======== Records for processing
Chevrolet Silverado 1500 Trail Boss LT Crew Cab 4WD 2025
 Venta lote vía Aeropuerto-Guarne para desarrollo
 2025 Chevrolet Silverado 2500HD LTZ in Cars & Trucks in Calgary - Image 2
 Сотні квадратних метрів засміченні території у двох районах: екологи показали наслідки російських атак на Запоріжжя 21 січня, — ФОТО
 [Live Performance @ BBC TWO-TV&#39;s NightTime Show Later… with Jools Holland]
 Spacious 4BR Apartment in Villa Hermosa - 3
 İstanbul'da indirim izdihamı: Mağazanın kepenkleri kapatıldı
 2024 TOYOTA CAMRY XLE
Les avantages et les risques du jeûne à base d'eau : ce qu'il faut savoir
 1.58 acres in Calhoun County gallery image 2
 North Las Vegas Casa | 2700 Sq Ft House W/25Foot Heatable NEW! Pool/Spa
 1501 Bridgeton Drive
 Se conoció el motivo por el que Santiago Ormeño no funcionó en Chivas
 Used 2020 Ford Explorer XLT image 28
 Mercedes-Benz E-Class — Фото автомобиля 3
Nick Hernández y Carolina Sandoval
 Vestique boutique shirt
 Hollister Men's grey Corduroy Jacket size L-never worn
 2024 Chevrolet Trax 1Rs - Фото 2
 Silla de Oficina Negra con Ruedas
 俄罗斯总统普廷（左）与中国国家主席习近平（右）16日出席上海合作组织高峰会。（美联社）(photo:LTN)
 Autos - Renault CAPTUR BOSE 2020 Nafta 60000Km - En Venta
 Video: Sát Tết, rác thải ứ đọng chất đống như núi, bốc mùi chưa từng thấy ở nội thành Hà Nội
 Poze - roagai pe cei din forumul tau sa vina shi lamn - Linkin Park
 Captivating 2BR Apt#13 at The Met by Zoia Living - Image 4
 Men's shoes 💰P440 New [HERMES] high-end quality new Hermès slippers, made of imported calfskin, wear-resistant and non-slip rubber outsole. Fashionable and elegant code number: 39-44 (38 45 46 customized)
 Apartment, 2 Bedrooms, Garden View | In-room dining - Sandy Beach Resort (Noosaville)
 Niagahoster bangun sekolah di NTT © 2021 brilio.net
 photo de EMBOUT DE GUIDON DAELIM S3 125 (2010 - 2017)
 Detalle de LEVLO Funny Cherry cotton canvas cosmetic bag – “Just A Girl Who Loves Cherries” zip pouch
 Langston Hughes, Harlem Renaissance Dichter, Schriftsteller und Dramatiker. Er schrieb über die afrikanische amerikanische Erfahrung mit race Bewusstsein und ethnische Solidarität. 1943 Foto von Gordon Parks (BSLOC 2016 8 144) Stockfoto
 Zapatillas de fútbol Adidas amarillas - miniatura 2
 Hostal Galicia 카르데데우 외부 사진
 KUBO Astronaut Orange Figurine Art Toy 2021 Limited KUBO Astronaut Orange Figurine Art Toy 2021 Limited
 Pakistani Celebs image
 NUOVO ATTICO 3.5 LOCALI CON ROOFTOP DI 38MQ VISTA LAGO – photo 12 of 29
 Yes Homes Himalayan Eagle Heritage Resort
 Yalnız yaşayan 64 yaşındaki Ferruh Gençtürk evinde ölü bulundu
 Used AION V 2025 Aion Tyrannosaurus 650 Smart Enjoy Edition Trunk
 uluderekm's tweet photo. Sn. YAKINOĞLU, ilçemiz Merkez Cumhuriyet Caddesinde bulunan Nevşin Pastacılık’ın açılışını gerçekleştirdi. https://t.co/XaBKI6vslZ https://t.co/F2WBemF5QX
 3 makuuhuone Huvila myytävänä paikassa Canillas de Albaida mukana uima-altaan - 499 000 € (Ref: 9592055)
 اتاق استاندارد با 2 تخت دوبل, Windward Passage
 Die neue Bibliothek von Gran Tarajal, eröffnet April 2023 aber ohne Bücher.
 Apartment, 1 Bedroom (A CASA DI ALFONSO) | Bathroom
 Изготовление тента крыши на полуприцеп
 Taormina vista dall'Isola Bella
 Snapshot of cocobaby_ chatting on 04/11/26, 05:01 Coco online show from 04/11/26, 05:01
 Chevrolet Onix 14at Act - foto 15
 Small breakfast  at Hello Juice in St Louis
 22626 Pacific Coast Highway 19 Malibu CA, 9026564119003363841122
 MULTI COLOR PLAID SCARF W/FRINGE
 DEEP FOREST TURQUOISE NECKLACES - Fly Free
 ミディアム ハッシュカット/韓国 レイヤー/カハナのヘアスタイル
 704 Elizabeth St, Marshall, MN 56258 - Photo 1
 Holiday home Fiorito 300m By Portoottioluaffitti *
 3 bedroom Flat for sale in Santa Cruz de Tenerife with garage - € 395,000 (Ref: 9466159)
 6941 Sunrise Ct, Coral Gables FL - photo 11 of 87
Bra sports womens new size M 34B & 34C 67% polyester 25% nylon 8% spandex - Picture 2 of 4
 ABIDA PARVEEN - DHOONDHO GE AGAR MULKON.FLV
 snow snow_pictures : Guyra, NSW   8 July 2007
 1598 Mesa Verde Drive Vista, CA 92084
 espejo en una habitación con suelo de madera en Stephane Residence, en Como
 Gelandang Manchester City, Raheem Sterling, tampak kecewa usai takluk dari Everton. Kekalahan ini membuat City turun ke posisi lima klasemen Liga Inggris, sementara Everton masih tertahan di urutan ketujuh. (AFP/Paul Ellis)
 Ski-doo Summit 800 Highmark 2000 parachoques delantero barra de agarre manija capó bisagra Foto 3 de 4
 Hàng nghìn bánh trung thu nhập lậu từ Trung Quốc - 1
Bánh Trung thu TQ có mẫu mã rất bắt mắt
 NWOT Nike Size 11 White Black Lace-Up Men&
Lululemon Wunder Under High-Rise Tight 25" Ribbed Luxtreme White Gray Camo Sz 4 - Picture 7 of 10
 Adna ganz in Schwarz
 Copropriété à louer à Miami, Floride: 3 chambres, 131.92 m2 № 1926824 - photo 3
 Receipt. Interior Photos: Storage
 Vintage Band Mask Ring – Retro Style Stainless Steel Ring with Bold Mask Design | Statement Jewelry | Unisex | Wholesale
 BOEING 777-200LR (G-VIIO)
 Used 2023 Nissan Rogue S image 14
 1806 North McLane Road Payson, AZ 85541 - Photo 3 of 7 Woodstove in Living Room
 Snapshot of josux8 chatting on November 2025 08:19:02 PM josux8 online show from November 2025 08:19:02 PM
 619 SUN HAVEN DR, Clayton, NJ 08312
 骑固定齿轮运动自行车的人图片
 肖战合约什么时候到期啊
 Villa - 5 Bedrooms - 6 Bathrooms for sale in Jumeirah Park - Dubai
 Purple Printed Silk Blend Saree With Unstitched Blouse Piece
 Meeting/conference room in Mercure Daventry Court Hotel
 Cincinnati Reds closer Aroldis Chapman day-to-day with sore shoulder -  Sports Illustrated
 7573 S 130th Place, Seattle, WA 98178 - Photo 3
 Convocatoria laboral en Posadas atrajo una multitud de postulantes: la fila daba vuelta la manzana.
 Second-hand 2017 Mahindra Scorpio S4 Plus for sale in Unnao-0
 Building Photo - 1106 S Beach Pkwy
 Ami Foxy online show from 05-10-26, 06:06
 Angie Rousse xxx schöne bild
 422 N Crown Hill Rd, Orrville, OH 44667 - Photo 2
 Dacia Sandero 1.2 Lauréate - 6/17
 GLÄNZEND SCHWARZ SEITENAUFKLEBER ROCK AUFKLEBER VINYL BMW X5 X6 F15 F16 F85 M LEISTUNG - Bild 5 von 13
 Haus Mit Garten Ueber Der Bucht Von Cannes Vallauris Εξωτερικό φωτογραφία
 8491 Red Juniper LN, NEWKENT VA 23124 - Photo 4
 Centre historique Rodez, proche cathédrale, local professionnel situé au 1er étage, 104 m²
================
▶ [Instructions to follow]: Scan the records above for the string "Villa", then report every line that contains it.

▶ [Output]:
 Spacious 4BR Apartment in Villa Hermosa - 3
 Villa - 5 Bedrooms - 6 Bathrooms for sale in Jumeirah Park - Dubai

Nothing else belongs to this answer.